A second factor associated with virulence in yeast is the ability of a fungus to impair the host's immune capabilities. The cell walls of most fungi have the capacity to impede the immune response of the host. In a study to determine the overall pathogenicity of a number of yeasts used in industrial processes, animals exposed to both high levels of S. cerevisiae and cortisone demonstrated a greater ability of the fungus to colonize compared with those animals treated with only the yeast. However, the animals suffered no illeffects from exposure to S. cerevisiae (Holzschu et al., 1979). Therefore, this study suggests that even with the addition of high levels of an immunosuppressant agent, S. cerevisiae appears to be nonpathogenic.

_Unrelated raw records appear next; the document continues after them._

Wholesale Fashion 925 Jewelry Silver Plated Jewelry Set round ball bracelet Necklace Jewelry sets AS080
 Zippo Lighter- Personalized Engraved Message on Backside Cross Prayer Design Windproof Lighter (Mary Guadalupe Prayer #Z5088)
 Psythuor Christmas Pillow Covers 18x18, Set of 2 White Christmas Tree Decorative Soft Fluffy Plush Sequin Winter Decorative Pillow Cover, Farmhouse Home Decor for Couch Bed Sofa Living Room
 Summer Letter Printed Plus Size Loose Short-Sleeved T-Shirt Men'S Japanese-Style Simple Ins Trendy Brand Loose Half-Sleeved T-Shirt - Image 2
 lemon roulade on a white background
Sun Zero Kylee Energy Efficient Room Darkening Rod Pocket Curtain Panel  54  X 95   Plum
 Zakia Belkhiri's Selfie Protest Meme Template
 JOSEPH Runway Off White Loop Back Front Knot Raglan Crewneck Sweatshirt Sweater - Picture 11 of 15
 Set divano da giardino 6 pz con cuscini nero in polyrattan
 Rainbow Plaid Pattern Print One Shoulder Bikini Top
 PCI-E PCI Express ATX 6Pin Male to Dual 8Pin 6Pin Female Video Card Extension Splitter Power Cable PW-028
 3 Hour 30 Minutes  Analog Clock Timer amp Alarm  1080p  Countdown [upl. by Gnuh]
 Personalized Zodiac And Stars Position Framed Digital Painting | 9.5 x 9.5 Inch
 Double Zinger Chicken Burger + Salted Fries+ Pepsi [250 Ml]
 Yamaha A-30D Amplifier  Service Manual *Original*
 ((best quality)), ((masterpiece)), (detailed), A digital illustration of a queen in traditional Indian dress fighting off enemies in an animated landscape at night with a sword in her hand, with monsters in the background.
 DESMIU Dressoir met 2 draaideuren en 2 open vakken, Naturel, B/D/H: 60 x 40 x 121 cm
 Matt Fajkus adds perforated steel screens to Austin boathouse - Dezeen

4. Ability to Transfer Virulence Factor Genes
S. cerevisiae does not carry virulence factors to humans or animals. However, the species does carry linear, doublestranded plasmids which can be transmitted to other Saccharomyces. These plasmids carry genes that encode the "killer toxins" discussed above can be transferred from one Saccharomyces to another. Therefore, gene constructs involving the incorporation of traits using these linear plasmids should be considered to be nonstable.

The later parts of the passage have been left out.